The State Bank of Pakistan (SBP) has said in its Financial Stability Review for CY22 that the national economy experienced a turbulent year as the economic imbalances were compounded by an unfavourable external environment.

It blamed domestic headwinds including the twin deficits, high inflation, catastrophic flooding, delay in completion of IMF programme reviews as well as global challenges such as a fast-paced increase in commodity prices and monetary tightening by major central banks in advanced economies for the deteriorating macroeconomic conditions.

Nonetheless, it pointed out, the financial sector showed resilience against stress and posted a steady performance. The sector’s asset base grew 18.3% in calendar year 2022, mainly supported by the banking sector.

The Financial Stability Review noted that the SBP and the government took various policy steps to address the widening imbalances, which included a further increase in the policy rate and macro-prudential policies pertaining to consumer financing and administrative measures to contain external imbalance.

Resultantly, the current account deficit improved towards the year end while economic momentum weakened. In this backdrop, the gross domestic product (GDP) grew a meagre 0.29% in fiscal year 2023.

The review presents the performance and risk assessment of various segments of the financial sector including banks, non-bank financial institutions, financial markets, financial market infrastructure and non-financial corporates.

It highlighted that notwithstanding the increased volatility of financial markets in CY22, the banking sector’s assets showed a strong growth of 19.1%. The expansion was mainly driven by investments while advances decelerated.

Since deposits registered a notable slowdown, banks relied substantially on borrowing. Encouragingly, the credit risk remained contained as the gross non-performing loans (NPLs) ratio dropped to 7.3% by the end of CY22 from 7.9% at the end of CY21.

The net NPLs ratio inched up to 0.8% from 0.7% a year earlier, remaining at one of the lowest levels in the last two decades.

After-tax earnings of banks improved during CY22, primarily due to a rise in interest income. As a result, the return on equity improved to 16.9% in CY22 from 14% last year.

According to the review, the contained delinquencies and higher profitability supported banks’ solvency as the capital adequacy ratio stood at 17%, well above the minimum regulatory requirement of 11.5%.

The Islamic banking segment also observed a robust growth of 29.6% during CY22. Their asset quality indicators improved and earnings rebounded from the previous year.

Microfinance banks, however, remained under stress as the asset quality indicators deteriorated along with after-tax losses.

The review revealed that the non-financial corporate sector posted a moderate decline in earnings due to the elevated economic stress and an increase in taxation and financing costs.

Nevertheless, the overall financial standing of the top 100 listed companies remained steady and the corporate sector in general continued to meet its obligations to financial institutions.

In CY22, the financial market infrastructure (FMI) also remained resilient when the SBP implemented the second phase of Raast, enabling instant and free person-to-person (P2P) funds transfer.

At the same time, a comprehensive licensing and regulatory framework for digital banks was also issued with a view to promoting digital financial services in a prudent manner.

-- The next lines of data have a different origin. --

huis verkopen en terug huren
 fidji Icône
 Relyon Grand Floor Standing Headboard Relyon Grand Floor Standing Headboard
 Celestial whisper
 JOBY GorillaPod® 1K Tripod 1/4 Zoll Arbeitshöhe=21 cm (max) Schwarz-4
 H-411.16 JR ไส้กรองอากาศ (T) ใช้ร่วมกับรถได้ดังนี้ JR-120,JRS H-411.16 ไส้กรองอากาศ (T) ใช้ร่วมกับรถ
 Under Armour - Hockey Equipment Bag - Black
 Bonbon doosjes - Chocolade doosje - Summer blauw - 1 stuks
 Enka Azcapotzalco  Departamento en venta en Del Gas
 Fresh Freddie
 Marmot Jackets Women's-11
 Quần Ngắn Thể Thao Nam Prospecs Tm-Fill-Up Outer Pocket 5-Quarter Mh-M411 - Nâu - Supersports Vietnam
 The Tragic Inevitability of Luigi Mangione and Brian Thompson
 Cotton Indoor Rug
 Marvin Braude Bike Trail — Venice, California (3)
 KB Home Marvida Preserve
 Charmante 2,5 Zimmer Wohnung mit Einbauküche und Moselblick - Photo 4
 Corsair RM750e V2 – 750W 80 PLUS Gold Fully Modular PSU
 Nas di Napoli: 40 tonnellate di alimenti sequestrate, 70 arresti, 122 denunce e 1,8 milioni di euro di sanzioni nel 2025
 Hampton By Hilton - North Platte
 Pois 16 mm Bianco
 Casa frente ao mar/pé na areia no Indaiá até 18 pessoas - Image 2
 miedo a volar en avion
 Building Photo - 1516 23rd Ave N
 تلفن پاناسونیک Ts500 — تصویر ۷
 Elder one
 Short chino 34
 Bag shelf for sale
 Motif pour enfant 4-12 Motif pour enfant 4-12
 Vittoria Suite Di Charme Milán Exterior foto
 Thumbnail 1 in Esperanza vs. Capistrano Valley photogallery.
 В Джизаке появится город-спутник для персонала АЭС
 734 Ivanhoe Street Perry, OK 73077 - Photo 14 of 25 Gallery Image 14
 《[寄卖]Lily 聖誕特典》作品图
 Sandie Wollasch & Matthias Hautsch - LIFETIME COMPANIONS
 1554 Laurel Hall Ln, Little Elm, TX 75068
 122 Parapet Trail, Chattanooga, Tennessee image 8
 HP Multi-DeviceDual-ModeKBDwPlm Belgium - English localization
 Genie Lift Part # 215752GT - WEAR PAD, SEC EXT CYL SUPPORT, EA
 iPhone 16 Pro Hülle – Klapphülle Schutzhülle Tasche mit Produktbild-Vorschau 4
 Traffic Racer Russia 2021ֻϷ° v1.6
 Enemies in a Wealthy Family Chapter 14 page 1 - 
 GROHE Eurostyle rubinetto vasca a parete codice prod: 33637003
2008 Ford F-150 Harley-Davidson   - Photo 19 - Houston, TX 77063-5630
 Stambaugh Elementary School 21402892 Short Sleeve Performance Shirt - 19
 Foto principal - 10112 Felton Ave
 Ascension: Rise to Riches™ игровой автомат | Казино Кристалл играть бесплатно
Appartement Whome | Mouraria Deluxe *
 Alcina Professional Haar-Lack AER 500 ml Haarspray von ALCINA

The Financial Stability Review emphasised that a comprehensive supervisory and safety net framework was also in place to preserve the general confidence in banking system and safeguard the soundness of regulated institutions.

The SBP’s supervisory framework monitors and assesses both firm-specific and system-wide risks to financial stability and takes proactive actions to address these risks.

During the year under review, the central bank took a number of measures to further strengthen the framework in line with market conditions and emerging best practices. Going forward, according to the review, the dynamics of financial stability will be contingent upon the evolving conditions both on the international and domestic fronts.

Results of the latest macro stress tests suggest that the banking sector in general and the large systemically important banks in particular are expected to show resilience to withstand the assumed severe macroeconomic shocks.

“SBP stands prepared to take necessary and timely measures to preserve financial stability and support economic growth by ensuring a smooth supply of credit and financial services.”

Published in The Express Tribune, July 8th, 2023.